Sound Classification on Rap Vocals and Speech

Overview

Many studies have leveraged the harmonic patterns in music to achieve high accuracy on music/speech classification. However, the rap genre, with its vocal style closely resembling spoken words, blurs these lines with its speech-like qualities. This project will investigate the efficacy of 4 existing pre-trained models + LSTM and 1 CNN+FC (fully connected layers) in discriminating between rap vocals and speech.

Our data is self-collected audio data of speech and rap vocals, which are scrapped from youtube via yt-dlp, followed by Demucs (htdemucs_ft version) for separating target vocals from music tracks.

Dataset

This project uses self-collected data.
The Ultimate_Rap_Dataset_Cleaned has 207 rap songs with a total of 48109 sec ≈ 13.36 hr;
The Ultimate_Speech_Dataset_Cleaned has 172 speech audio files with a total of 76362 sec ≈ 21.21 hr.

Data collection

The Data preparation, data pre-processing, and data cleaning are time-concuming.

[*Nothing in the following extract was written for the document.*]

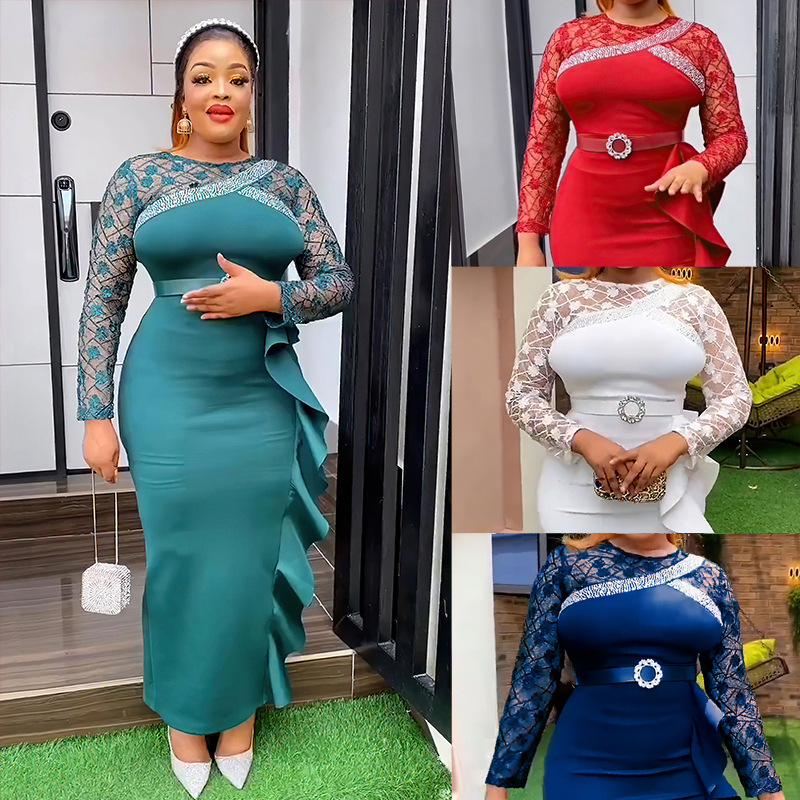 Aliexpress European and American Cross-Border African Women's Plus-Size Heavy-Duty Rhinestone Party Evening Daily Commute Dress 3650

After having our audio data with JSON files downloaded, we perform vocal separation to extract rap vocals as well as speech from their music tracks. Followed by removing and replacing problematic characters, ensuring compatibility across different systems and software, and preventing errors, we formed our Ultimate datasets.

  • Rap

A comprehensive list of rap music was curated to ensure a diverse and representative dataset, it included a wide range of rap music from its late 1970s to contemporary innovations. Besides, conscious effort was made to incorporate more songs by female rappers to achieve a more balanced gender distribution.

  • Speech

We specifically target speech audio that contains background music, applying Demucs for speech separation to maintain consistency between isolated rap vocals and isolated speech in our dataset.

Models

We compare 5 models on this task:

  (1) CNN+FC Representing the process of window slicer with CNN+FC for classification.
  (2) YAMnet+LSTM YAMnet extracting embeddings and feeding them to LSTM for classification.
  (3) VGGish+LSTM VGGish extracting embeddings and feeding them to LSTM for classification.
  (4) OpenL3+LSTM OpenL3 extracting embeddings and feeding them to LSTM for classification.
  (5) PANNs+LSTM PANNs extracting embeddings and feeding them to LSTM for classification.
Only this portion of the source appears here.